This Week at the Movies: The Green Hornet

This Week at the Movies: The Green Hornet

Will Hazzard

There are a lot of superhero movies out there. Who doesn’t love the tale of some ordinary or semi-ordinary person becom­ing a symbol of justice? Who doesn’t love the break of reality that lets us believe for just a moment that the world is filled with guys in costumes who fight bad guys? It’s a formula and story that we’ve heard many times before in many forms. The Green Hornet, directed by Michel Gondry and written by Seth Rogen and Evan Goldberg, is another one of those of those iterations. It’s the superhero movie we’ve all seen and heard before with a little comedic twist that makes it just different enough to keep things entertaining. At the end of the day, though, it can be a little too nonsensical, preventing the film from being something really noteworthy.
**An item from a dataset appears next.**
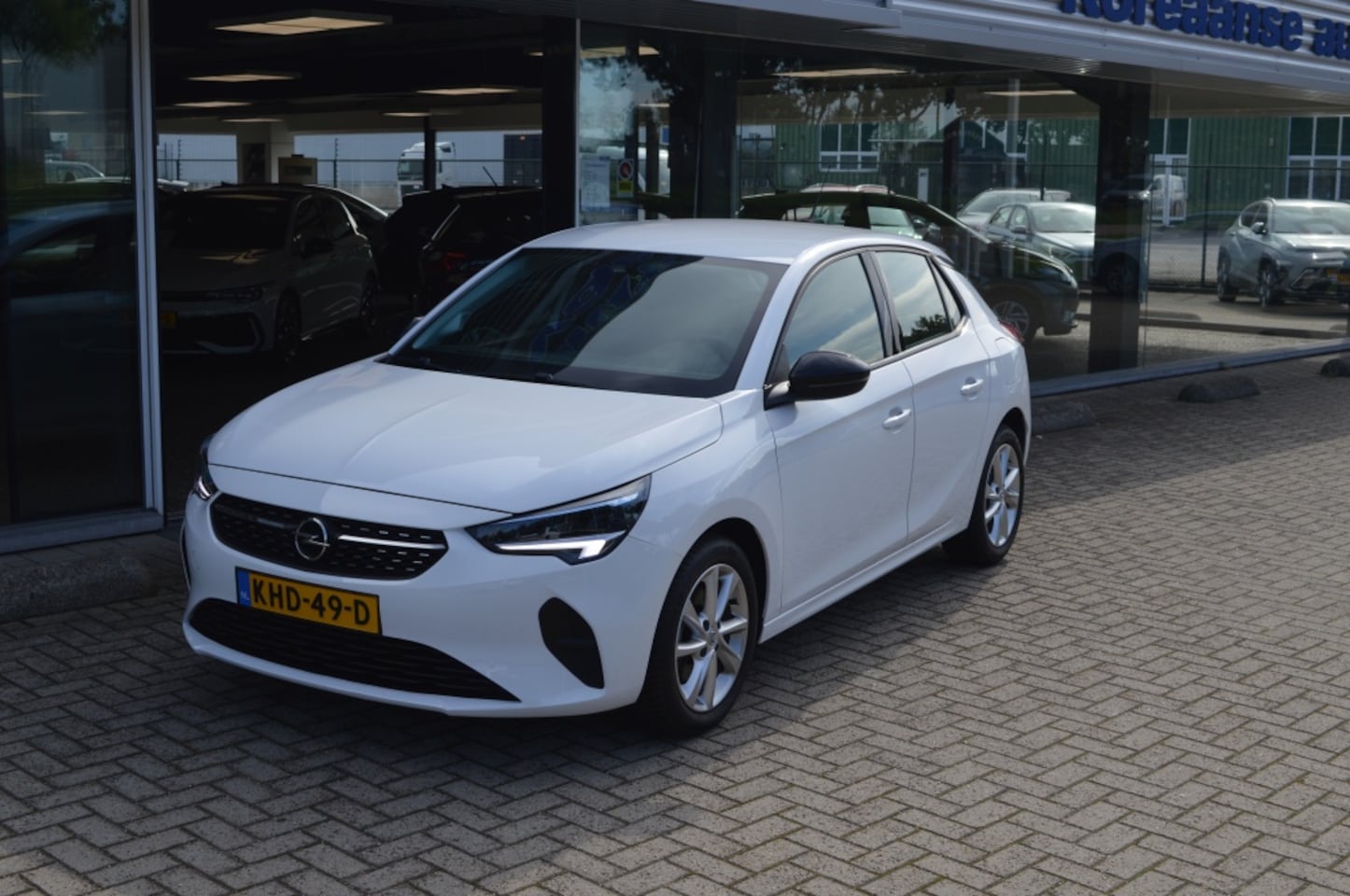 Opel Corsa - 1.2 Edition 100pk Navi PDC LM velgen 9.611KM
Britt Reid (Seth Rogen) is the son of a billionaire media mogul with little regard for anyone but himself. Following the tragic death of his father, he befriends his father’s mechanic Kato (Jay Chou), and they engage in some harmless pranks in order to vent some of Reid’s frustration. During their antics, however, they rub some guys the wrong way and almost end up getting killed, if it were not for Kato’s martial arts expertise. After this experience, Reid comes up with the idea that the two of them should don masks and rid the streets of crime under the alias of the Green Hornet, posing as criminals in order to infiltrate the Los Angeles underground. However, this eventu­ally puts them at odds with a crime boss who vows to destroy the duo. If this sounds stupid to you, that’s because it is. The concept itself doesn’t sound all that bad, but the overall im­plementation is very poor. Reid never really goes through any serious change or revelation that prompts him to become a masked crime fighter, other then some sort of weak connec­tion to his dead father’s integrity. Kato is just kind of there the whole movie, and it’s never really explained why he is so talented at martial arts or why he is so good at altering cars. In fact, it’s never really clear why he is there in the first place. With that being said, the movie does have its moments when it’s pretty funny, especially some of the banter between Kato and Reid. If you never really take the plot too seriously, it can be a decent buddy comedy.

If the plot doesn’t really satisfy you, which it probably won’t, there are some pretty cool spe­cial effects and explosions to keep you distract­ed. There are plenty of over-the-top car stunts that are prevalent throughout the film. The fight sequences are also pretty well choreographed with an interesting effect that slows down time, similar to The Matrix. It’s not entirely original, but it’s implanted well. If there was one thing that seemed out of place, it was the score. It ei­ther seemed overly dramatic at times or simply didn’t fit with the scenes. It’s a minor detail, but distracting at times.

The Green Hornet isn’t anything but entertain­ing. It’s caught somewhere between super hero comedy and actual super hero movie, but it never entirely makes the distinction between the two. If you want to see a light comedy before you start trying to fit as many Oscar movies into your schedule as possible, then it’s worth a shot. If you’re not though, it might just be best to stay home.